While the story of the compound is remembered as a collaboration between two famous men, there was a third collaborator who hardly ever gets mentioned: Maria Emilia Ferreira y Moyers, Motherwell’s first wife. Mexican by birth, Maria was dark and beautiful with jet-black hair and statuesque figure. She frequently posed for photographers like Erwin Blumenfeld, who used her as a model in a series of solarized photographs that show her face broken up into angular fragments. But she was also an artist and performer in her own right, and made many contributions to the layout of the Quonset house. Robert and Maria got divorced in 1949. Motherwell sold the East Hampton property to Barney Rosset in 1950 and moved to Provincetown. (He would remarry three more times.) Chareau died in 1950 and was buried in Most Holy Trinity Cemetery on Cedar Street, East Hampton. Maria moved to Monterey, California, and slipped into obscurity. Motherwell died in 1991.
UTOPIA LOST
Since Weekend Utopia was first published in 2001, more than two dozen of the projects featured in the book have been either demolished or remodeled beyond recognition, while the fate of several others remains precariously in the balance. It started in the summer of 1985, when the iconic Motherwell house was unceremoniously demolished to make way for an Adirondack-style “cottage.” Battle lines were drawn. While a concerted effort was made to save the house, the new owners went ahead and leveled it — and not just the house, but also the Motherwell studio as well as Pierre Chareau’s tiny concrete cabanon that sat near the back of the property. All three structures were bulldozed into oblivion and carted off to some ignominious landfill near Yaphank. Here was an experimental collaboration by two demigods of 20th-century modernism: Motherwell, one of the most important painters of the postwar period, and Chareau, designer of the legendary Maison de Verre, godfather of industrial chic. If a building of such exalted provenance could be lost, how was one expected to save a building of lesser import?

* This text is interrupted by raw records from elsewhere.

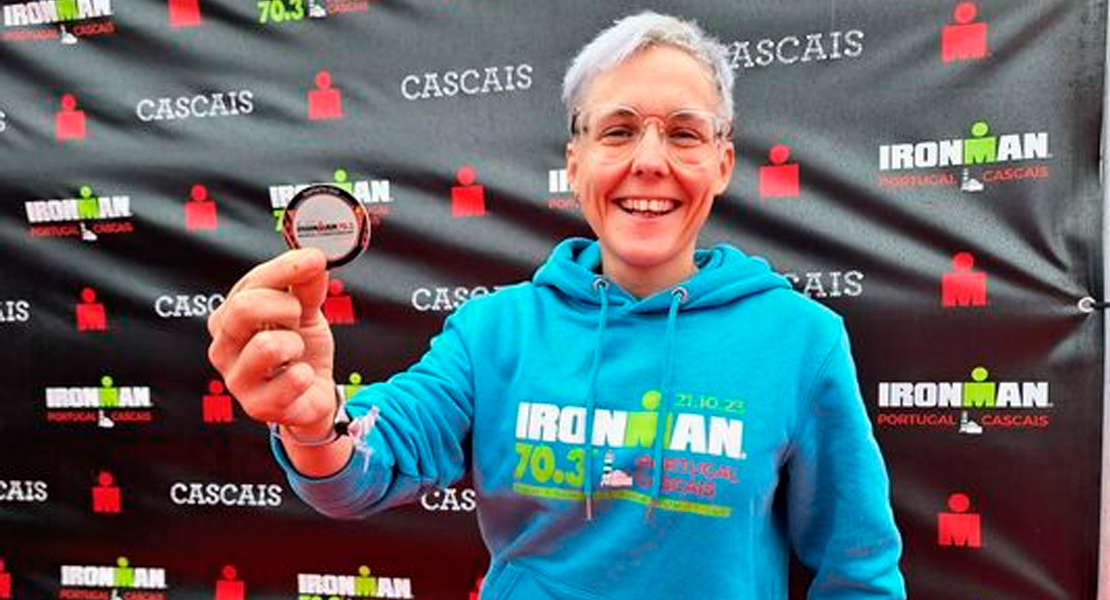 La alburquerqueña Nieves Gemio se clasifica para el Mundial La alburquerqueña Nieves Gemio se clasifica para el Mundial
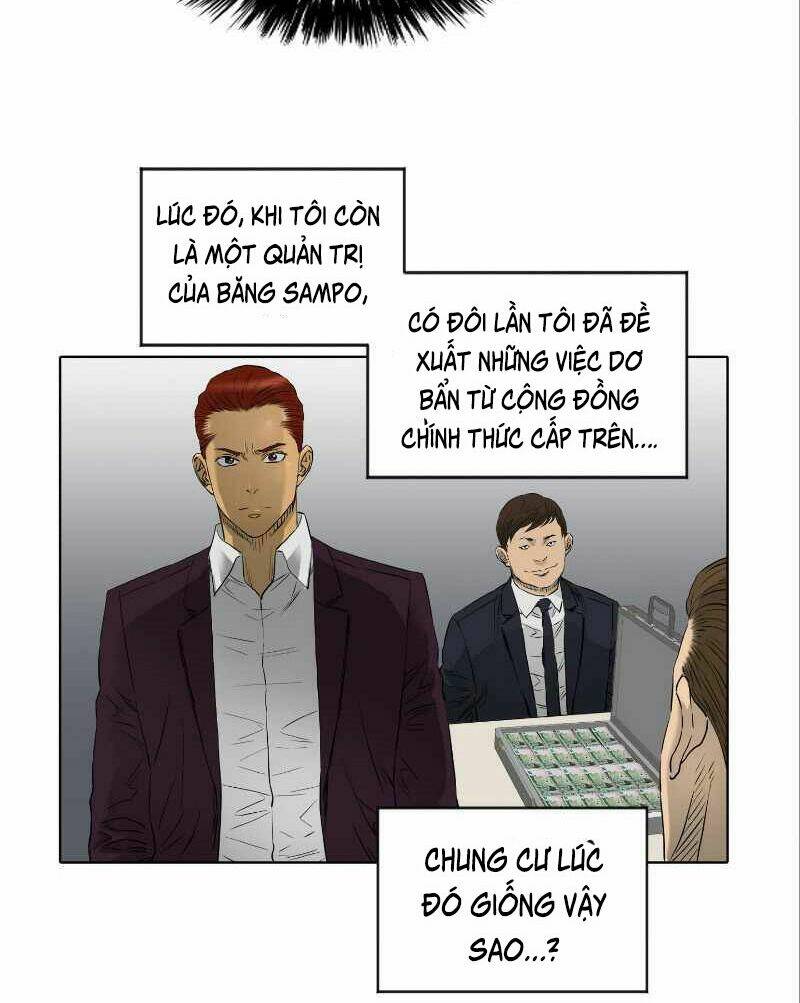 Cuộc Đời Thứ Hai Của Một Gangster: Chapter 67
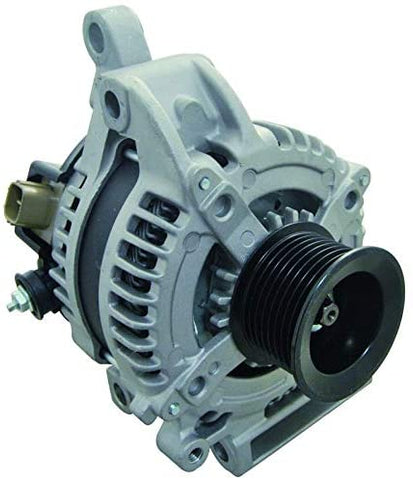 Premier Gear PG-11352 Professional Grade New Alternator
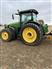 John Deere 2019 8370R Other Tractors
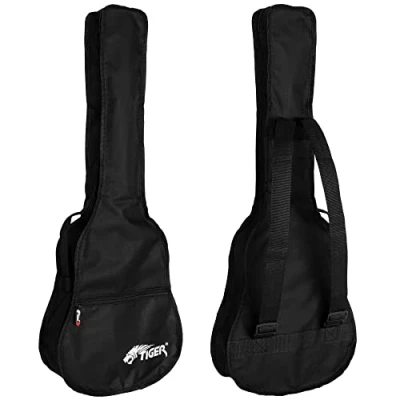 Obrázek Tiger Music GGB7 JCL taška pro klasickou kytaru 1/4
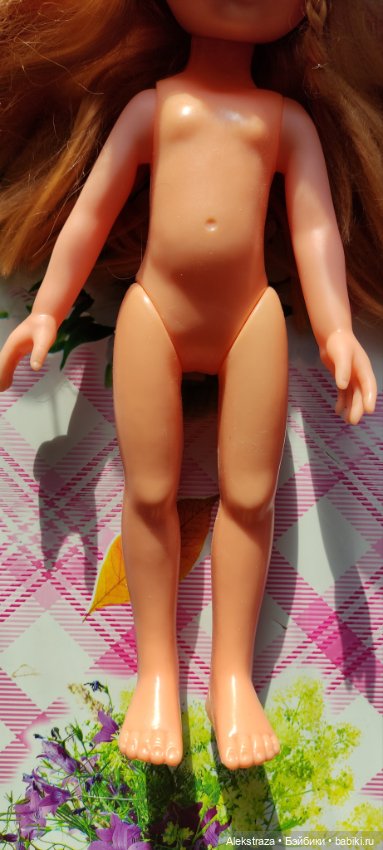 Помогите опознать куколку и пупса. Опознаны (фото 3)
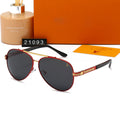 Fashion all-match sunglasses KL10062528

Throughout the 1980s and 1990s, prices continued to surge for Hamptons properties — especially waterfront lots — on which many of the postwar experiments had been built, making the preservation of these small, seasonal structures especially challenging. If a hedge fund manager paid $30 million for an oceanfront lot, why should he/she be expected to settle for an 800-square-foot cube, no bigger than a shack? It was an improbable argument.
WASPy fashion models, South American polo players, and blue-eyed debutantes dominated the pages of Vogue and Vanity Fair, while a new wave of well-heeled arrivistes dressed like English gentry in Ralph Lauren jodhpurs and silk cravats. “We are just exceedingly conservative out here,” said one realtor. “Younger buyers are trying to look as if their families got off the train in 1870.” They certainly didn’t want glassy, flat-roofed pavilions. The ultrarich wanted formal gardens, thick privet hedges, and gravel driveways that crunched perfectly underfoot. They wanted homes that conveyed power, membership in the tribe, and a neatly fossilized version of history. A postmodern style of choice was appropriated from the late 19th century, a bloated robber-baron architecture modified for contemporary living with larger (often faux) Palladian windows, state-of-the-art communication networks, computerized irrigation systems, voice-activated portals, and robotic pool cleaners.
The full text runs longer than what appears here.